When we launched in 2015, we heard a resounding call from parents and school leaders for more teachers of color. (Studies, too, support this strategy toward closing opportunity gaps.) And because no single group could afford to resource transformative solutions to create new pathways for people of color, we did. We also stood on the shoulders of many brilliant minds who designed these pathways, such as residency models.
Through collaboration and systems change, we believe it’s possible to create a more just system for families. That’s why we’re intentional in co-designing our work with diverse groups.
This includes investing in the district’s Minneapolis Residency Program and other strategies to recruit and retain teachers of color. What’s more, groups like MnEEP, the Coalition to Increase Teachers of Color and American Indian Teachers in Minnesota, Teach For America-Twin Cities, The School Leadership Project and New Leaders are paving new pathways for people of color to enter the teaching profession – and once they’re there, to surround them with meaningful support.
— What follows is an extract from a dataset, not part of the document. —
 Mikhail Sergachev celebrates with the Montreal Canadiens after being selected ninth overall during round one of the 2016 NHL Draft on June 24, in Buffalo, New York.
We take great pride in helping lift up this work. We can accomplish more collectively than we can independently.
I share this to amplify that – while there will be missteps along the way – many organizations in our community are bringing great intentionality, energy and urgency to fostering more equitable schools. And we see evidence of this at the district.
Undoing generations of structural inequities in K-12 requires a sustained level of action and reflection. Throughout this process, we must constantly listen to and learn from our communities. Self-awareness – while uncomfortable and vulnerable as it is – can help surface understandings of disconnections. We also have to learn from the history that provides the context we are responding to.
Transforming education to better meet the needs of our families has never been and will never be easy work. But it’s necessary work. To ensure the next generation of children inherit a future that is inclusive and equitable, we persist. Listening to what our families are telling us. In doing so we establish a new precedent.